==== Records for processing
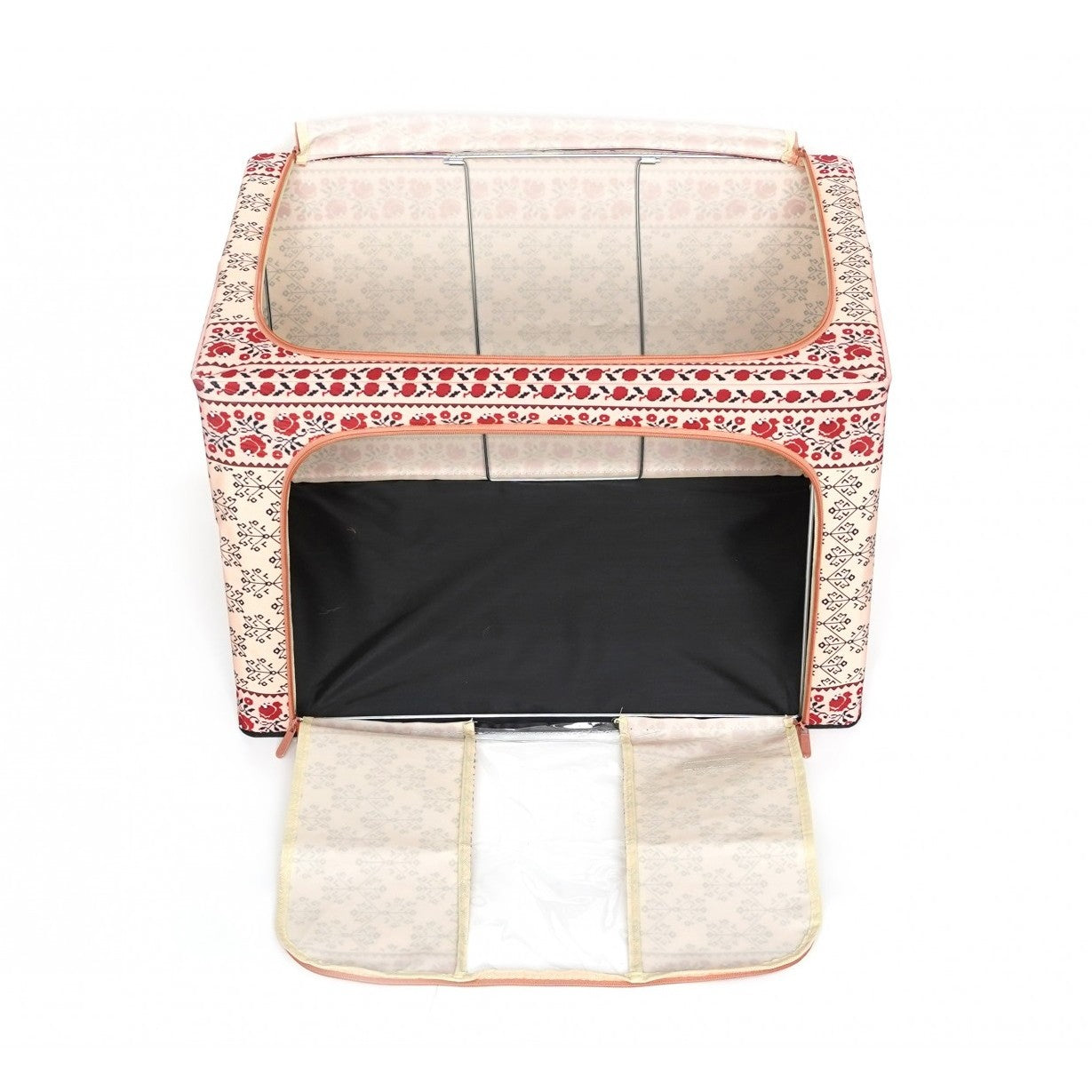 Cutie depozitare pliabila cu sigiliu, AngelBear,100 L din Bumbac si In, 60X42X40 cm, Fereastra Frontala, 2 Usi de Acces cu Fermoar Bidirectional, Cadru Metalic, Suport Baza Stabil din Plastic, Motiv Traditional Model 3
========
==== Records for processing
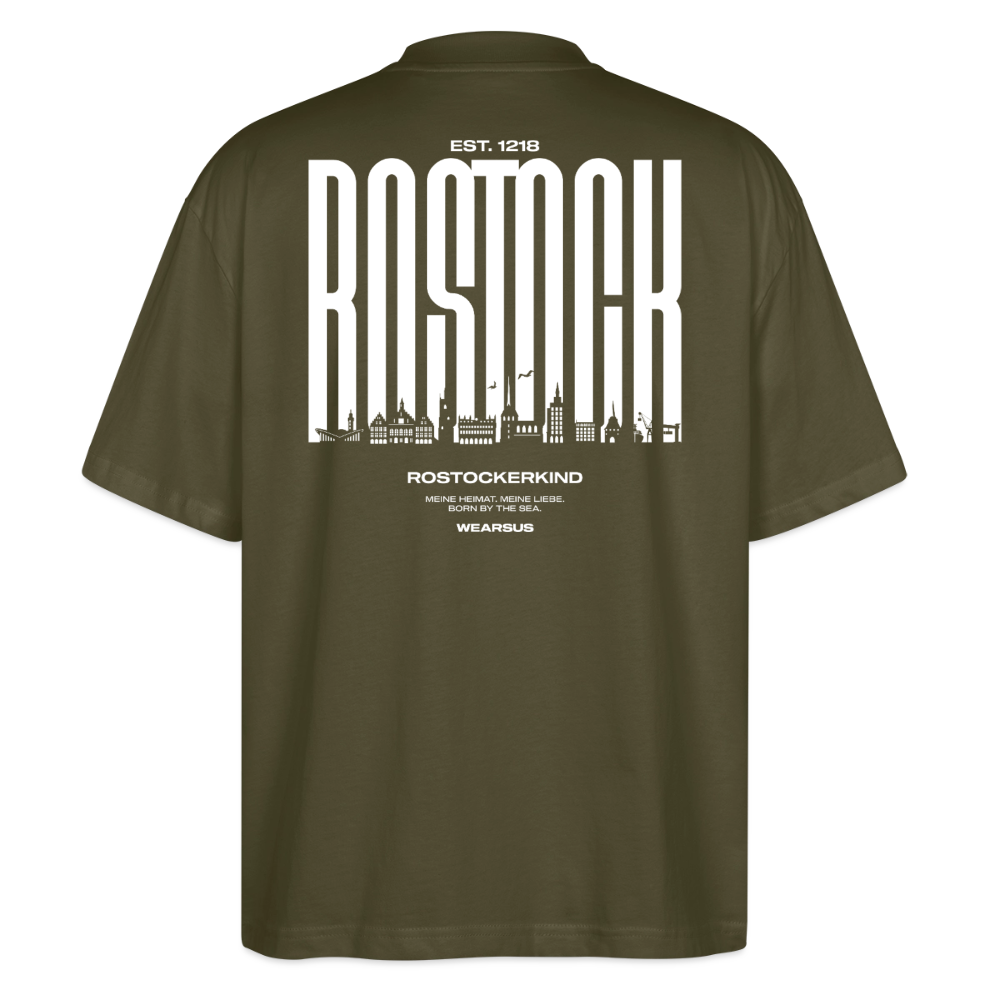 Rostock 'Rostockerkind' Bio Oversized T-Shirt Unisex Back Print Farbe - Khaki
========
==== Records for processing
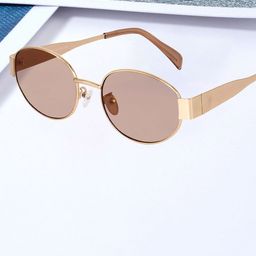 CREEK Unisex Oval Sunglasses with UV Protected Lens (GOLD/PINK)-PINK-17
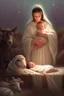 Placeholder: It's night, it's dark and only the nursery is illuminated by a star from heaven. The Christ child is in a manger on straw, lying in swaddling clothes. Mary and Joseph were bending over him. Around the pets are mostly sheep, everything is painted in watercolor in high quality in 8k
========
Exercise aim:
Up in the listing, locate the line with "CREEK Unisex Oval"; print it and every line after it down to the line with "Placeholder: It's night, it's", which is included too. Skip the pictures.

Response below:
 CREEK Unisex Oval Sunglasses with UV Protected Lens (GOLD/PINK)-PINK-17
 Placeholder: It's night, it's dark and only the nursery is illuminated by a star from heaven. The Christ child is in a manger on straw, lying in swaddling clothes. Mary and Joseph were bending over him. Around the pets are mostly sheep, everything is painted in watercolor in high quality in 8k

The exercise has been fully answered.